In general, a low heating rate allows for the material to undergo that transition at a very slow pace, giving that data more "accuracy". In a polymeric material for example, or in an alloy, if the melting points of the components are different, these two might be observed nicely and separated, if you "give" the sample enough time to go through that transition (meaning you heat it slowly). If you increase the temperature fast, the structure of the material might not have enough time to show you every little effect that is happening.

Hope the links help!

The simplest answer is that the faster you heat the less time a sample spends at each temperature. Therefore, at faster heating rate it takes higher temperature to reach the same conversion, e.g., 50%. This can be demonstrated strictly by looking at the integrals of the basic rate eq:

da/dt=k(T)f(a) for different heating rates.

This explanation holds for any kinetic process, i.e., glass transition, crystallization, polymerization, decomposition, etc. Note, this shift is oftentimes explained (incorrectly) as some sort of "thermal lag". While real, the latter, however, must be eliminated via a proper calibration. In other words, one must not measure and report data obtained with “thermal lag”, i.e., without proper calibration. DSC must be calibrated at each heating rate by using melting point standards, typically pure metals. For your T-range Indium would work. If your DSC calibrated properly, the onset T for Indium melting should be independent of the heating rate. But calibration has its limits. For instance, if you use 10mg Indium for calibration it will most likely hold for 10mg sample of your glass, but will have “thermal lag” if you use, say, 50mg sample. However, since your sample crystallizes, it will melt on the next heating so you would be able to see if the onset T of its melting shifts with the heating rate. If the calibration holds, it will not.

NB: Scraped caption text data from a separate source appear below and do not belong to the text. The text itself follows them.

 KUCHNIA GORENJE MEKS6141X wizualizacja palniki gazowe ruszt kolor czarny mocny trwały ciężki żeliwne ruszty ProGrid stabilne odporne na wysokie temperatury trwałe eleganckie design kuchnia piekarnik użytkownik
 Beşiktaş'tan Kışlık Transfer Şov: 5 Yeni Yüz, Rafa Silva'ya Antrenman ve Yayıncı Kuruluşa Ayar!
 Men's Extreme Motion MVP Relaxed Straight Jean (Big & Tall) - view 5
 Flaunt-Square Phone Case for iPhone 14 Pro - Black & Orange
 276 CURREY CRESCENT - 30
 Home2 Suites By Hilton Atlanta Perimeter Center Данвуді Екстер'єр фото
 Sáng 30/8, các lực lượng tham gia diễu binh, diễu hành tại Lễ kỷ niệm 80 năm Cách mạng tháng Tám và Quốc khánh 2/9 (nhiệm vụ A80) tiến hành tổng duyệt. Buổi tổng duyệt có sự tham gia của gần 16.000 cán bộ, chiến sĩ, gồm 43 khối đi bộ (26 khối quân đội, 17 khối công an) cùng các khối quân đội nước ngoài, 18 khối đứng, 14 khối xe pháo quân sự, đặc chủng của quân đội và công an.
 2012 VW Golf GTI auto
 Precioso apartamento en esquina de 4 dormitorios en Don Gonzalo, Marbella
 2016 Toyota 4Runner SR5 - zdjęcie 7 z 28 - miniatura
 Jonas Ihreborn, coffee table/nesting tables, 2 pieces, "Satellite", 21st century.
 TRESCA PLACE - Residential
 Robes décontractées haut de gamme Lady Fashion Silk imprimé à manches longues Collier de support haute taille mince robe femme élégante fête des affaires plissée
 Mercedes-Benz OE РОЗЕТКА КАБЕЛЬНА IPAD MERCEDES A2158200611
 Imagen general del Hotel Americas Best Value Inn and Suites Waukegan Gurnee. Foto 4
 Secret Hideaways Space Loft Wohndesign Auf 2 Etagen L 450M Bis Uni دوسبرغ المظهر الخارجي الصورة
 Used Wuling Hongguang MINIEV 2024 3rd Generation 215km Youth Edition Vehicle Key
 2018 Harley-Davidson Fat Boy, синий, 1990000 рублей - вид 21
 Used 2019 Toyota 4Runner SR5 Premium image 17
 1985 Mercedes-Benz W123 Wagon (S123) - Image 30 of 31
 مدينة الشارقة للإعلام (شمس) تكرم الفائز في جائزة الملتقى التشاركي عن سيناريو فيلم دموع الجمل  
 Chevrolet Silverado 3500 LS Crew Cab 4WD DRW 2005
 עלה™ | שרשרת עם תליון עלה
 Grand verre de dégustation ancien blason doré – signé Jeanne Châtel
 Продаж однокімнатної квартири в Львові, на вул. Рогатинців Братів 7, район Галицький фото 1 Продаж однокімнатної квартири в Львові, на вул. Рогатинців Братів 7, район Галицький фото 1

Answers are given already. Organic materials are not highly thermally conducting. Therefore, the dynamic temperature shown by instrument is not the same as the temperature of the sample. If heating is faster the temperature shown by instrument goes much higher as compared to the sample. The thermal conductivity of organic material will not change much with temperature. Higher the heating rate the peak/base line shifting will shift to higher temperature as the temperature lag increases. If the heating rate is kept very low, say

In my opinion, Prof. Vyazovkin's explanation, at least on a qualitative level, is the clearest and most comprehensive. As for the extension to decomposition processes, I would like to add something from my experience. In the case of a chemical reaction, the shift of the entire temperature range to higher temperatures due to shortening the residence time of a substance at a certain temperature is characteristic of an autocatalytic reaction, whereas a reaction without self-acceleration starts at the same temperature regardless of the heating rate, but the temperature range is of course stretched out.